- [Study material]:
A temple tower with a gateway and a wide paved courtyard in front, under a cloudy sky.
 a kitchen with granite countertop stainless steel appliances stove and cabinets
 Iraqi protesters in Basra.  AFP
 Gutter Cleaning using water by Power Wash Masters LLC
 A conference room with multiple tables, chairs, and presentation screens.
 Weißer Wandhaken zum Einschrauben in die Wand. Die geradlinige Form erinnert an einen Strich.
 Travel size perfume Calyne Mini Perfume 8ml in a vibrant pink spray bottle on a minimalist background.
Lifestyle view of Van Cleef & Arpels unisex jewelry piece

- [Action item]: Your answer should consist of every record, restated exactly.

- [Reply]:
A temple tower with a gateway and a wide paved courtyard in front, under a cloudy sky.
 a kitchen with granite countertop stainless steel appliances stove and cabinets
 Iraqi protesters in Basra.  AFP
 Gutter Cleaning using water by Power Wash Masters LLC
 A conference room with multiple tables, chairs, and presentation screens.
 Weißer Wandhaken zum Einschrauben in die Wand. Die geradlinige Form erinnert an einen Strich.
 Travel size perfume Calyne Mini Perfume 8ml in a vibrant pink spray bottle on a minimalist background.
Lifestyle view of Van Cleef & Arpels unisex jewelry piece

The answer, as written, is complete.